Altogether, the deal is worth US$666mn, with JBIC, Japan’s state export finance institution, providing financing alongside an unnamed private financial institution.

The March 28 loan agreement will help Japanese manufacturers to stably import copper concentrates from the Chilean mining firm, JBIC says in a statement.

“In the current trend of decarbonisation, the global demand for copper is expected to increase.

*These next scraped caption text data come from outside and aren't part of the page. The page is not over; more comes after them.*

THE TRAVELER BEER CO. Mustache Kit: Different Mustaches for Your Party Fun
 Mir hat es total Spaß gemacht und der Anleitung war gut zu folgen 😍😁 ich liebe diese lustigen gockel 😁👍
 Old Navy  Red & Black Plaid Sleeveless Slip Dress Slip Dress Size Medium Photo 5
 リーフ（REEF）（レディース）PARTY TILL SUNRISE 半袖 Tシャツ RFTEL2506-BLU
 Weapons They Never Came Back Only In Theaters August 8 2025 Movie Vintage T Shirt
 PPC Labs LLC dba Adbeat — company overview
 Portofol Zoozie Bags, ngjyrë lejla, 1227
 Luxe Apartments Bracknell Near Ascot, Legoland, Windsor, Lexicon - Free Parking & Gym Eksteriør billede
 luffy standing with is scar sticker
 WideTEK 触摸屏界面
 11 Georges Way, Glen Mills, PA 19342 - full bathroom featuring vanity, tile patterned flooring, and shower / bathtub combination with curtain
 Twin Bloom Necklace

This is because the metal is used not only in electric vehicles and renewable energy facilities and equipment but also in applications related to AI and data centres,” JBIC says.

It is “essential to secure” long-term supplies as Japan relies solely on imports for copper concentrates, it says.

The energy transition is set to spur significant demand for critical minerals and metals in the coming decade, yet a US$225bn mining investment gap could lead to supply shortages, UN experts warned last year.

In a bid to secure long-term contracts for minerals such as lithium, nickel and copper, European, North American and Asian governments are increasingly wielding the financial firepower of their export finance institutions.

UK Export Finance, the Export-Import Bank of the United States and Atradius DSB have all rolled out products aimed at securing minerals for domestic producers of goods such as electric vehicles, batteries and wind turbines.

JBIC has a long history of financing copper flows from Chile.

Last year, the ECA approved financing worth US$950mn to secure copper concentrate from Chile. Well over a decade ago, the agency co-financed a US$600mn loan for Chilean mining firm Minera Escondida Limitada, an important supplier of copper concentrate to Japanese smelters.